Pearl Harbor shipyard
workers picket
More than 100 Pearl Harbor shipyard workers demonstrated yesterday morning against a bill in the U.S. Senate that opponents say will overhaul the civilian personnel system by eliminating benefits enjoyed by 16,000 federal workers here.
Wayne Wagner, president of the Hawaii Federal Employees Metal Trades Council, estimated that 2,500 unionized employees in the Pearl Harbor Naval Shipyard will be affected by the proposal supported by Defense Secretary Donald Rumsfeld.
Union pickets, holding signs saying "Protect workers' rights" or "Defeat the Rumsfeld plan," lined Kamehameha Highway at the Makalapa Gate to Pearl Harbor before yesterday morning's work shift began.
Jason Holm, Navy spokesman, said "matters of compensation and benefits are determined at levels much higher than the shipyard. We will work with any decision made by higher command, and as such we neither endorse or dissuade our employees participating. We do, however, support any organization exercising its right to free speech."
Wagner said the union has written to Hawaii's four congressional members, and "they support our position."

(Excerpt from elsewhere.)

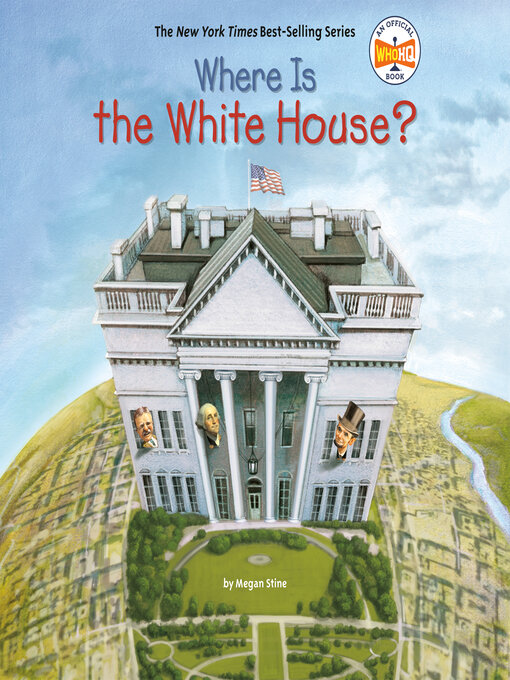 Cover image for Where Is the White House?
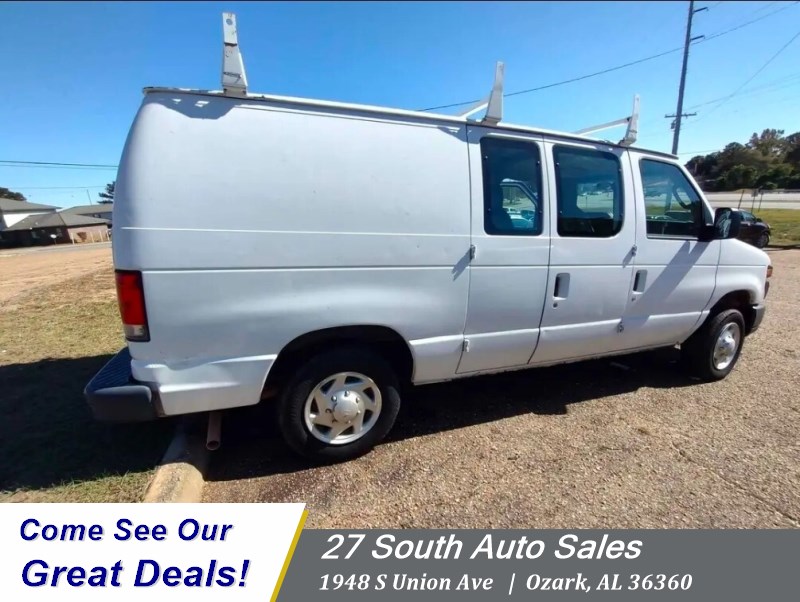 Main photo of 2014 FORD E150 VAN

Wagner said Rumsfeld's proposal has already passed the U.S. House and was before the Senate Committee on Governmental Affairs yesterday. The Washington Post reported yesterday that Rumsfeld has said the Pentagon needs to be freed from many civil service laws to organize its 746,000 civilian employees into a work force that is better prepared to meet such challenges as global terrorism.

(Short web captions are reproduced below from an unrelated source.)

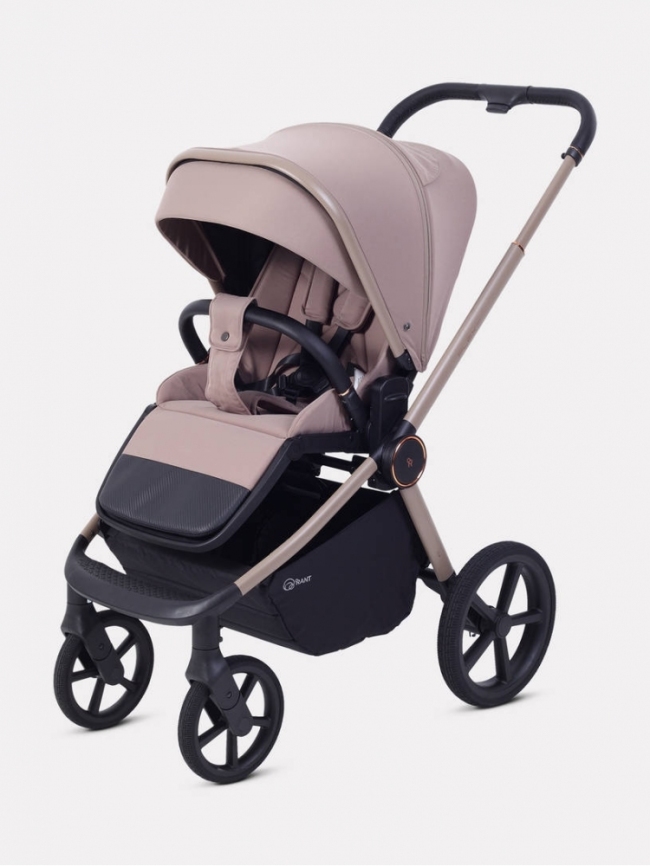 Коляска 2 в 1 Rant Flex Soft Therm фото 8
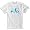 White/Turquoise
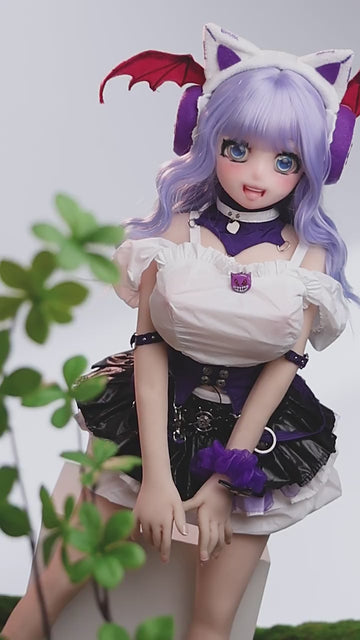 Animation entity doll small anime handmade doll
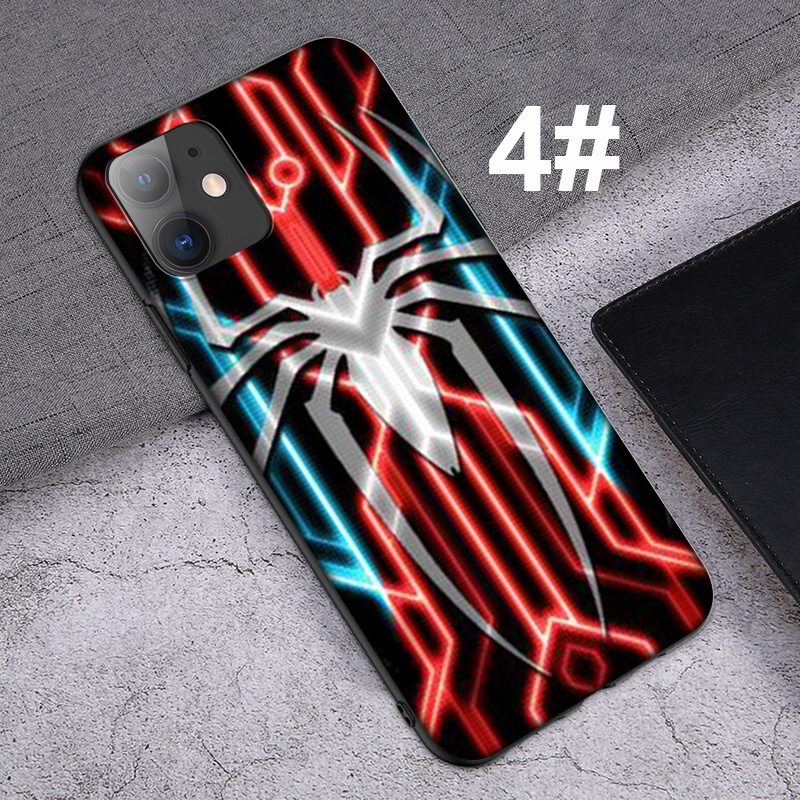 iPhone XR X Xs Max 7 8 6s 6 Plus 7+ 8+ 5 5s SE 2020 Casing Soft Case 84LU Mavel Avengers Heroes mobile phone case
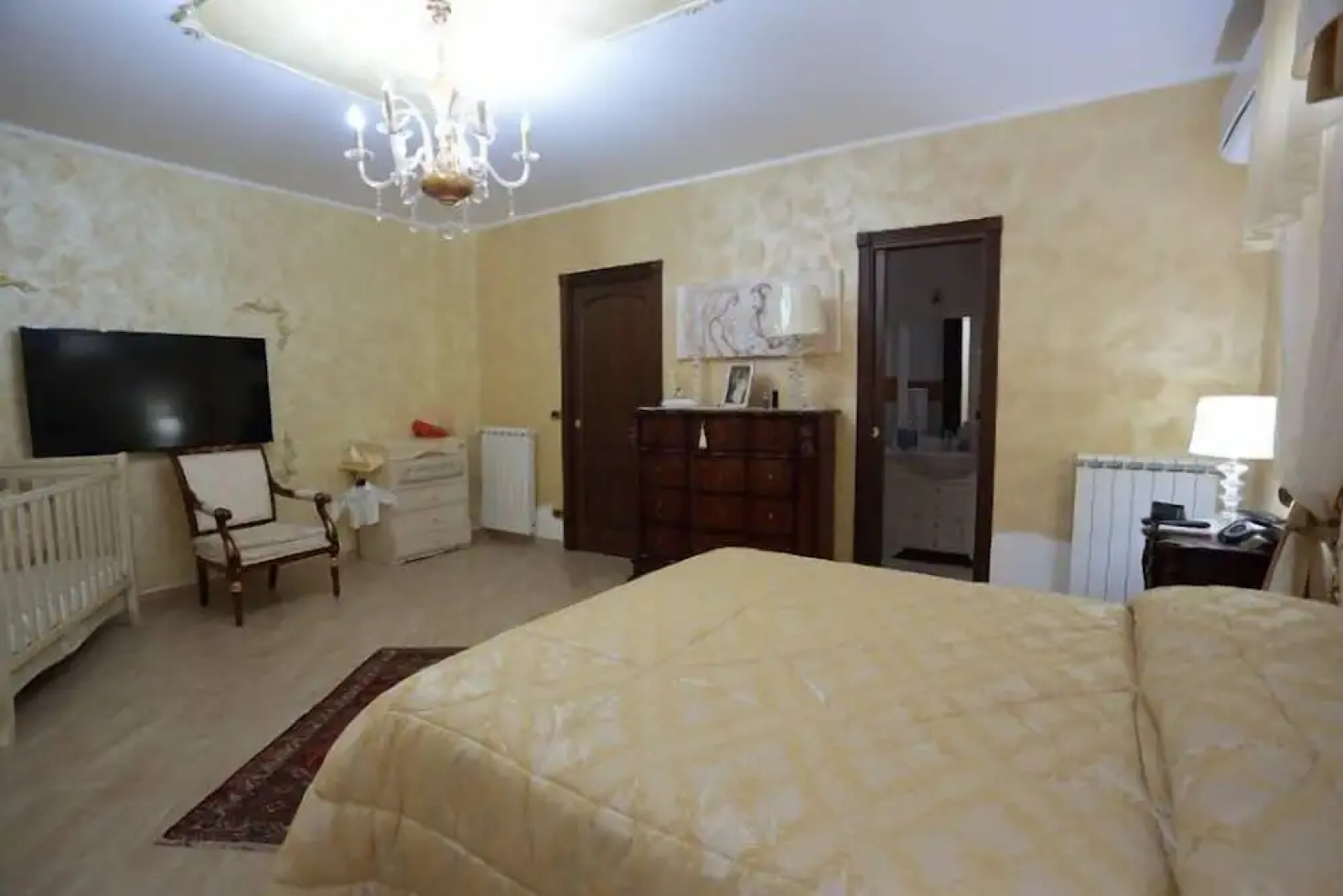 Villa Etna Sea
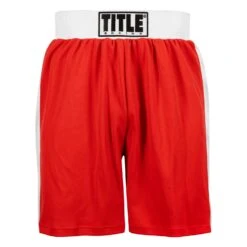TITLE Boxing Aerovent Elite Amateur Boxing Set 2.0 -Title Boxing Store TABS20 RD WH 5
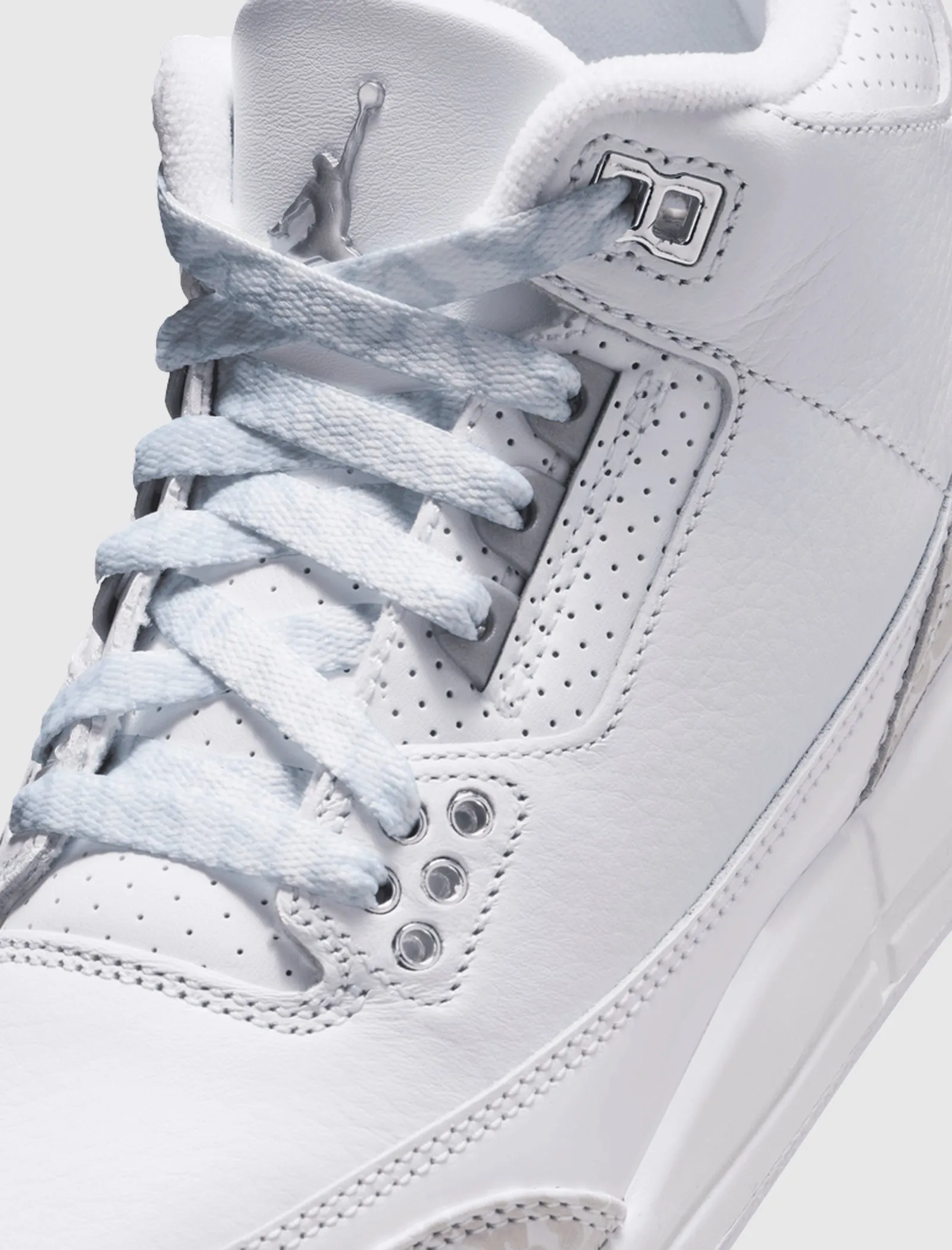 AIR JORDAN 3 "PURE MONEY" GS Agile Fit heel cup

But Wagner said the "so-called National Security Personnel Act" would eliminate veterans' hiring preferences, remove collective-bargaining rights and virtually eliminate overtime pay.

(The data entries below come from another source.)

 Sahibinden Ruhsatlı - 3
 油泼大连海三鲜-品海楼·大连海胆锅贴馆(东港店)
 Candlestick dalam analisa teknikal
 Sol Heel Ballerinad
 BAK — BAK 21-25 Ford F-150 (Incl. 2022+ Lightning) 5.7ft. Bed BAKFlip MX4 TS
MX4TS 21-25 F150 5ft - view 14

"It would also deny employees the right to appeal discriminatory actions by supervisors," Wagner said.
The union further believes Rumsfeld's proposal would waive the current requirement against hiring relatives.
Wagner said the bill will mean unionized workers would lose their guaranteed annual wage increases. Rumsfeld's proposal would permit officials to tie annual raises to performance rather than longevity in the job. Without a good performance rating, a civilian defense worker might not get an annual raise.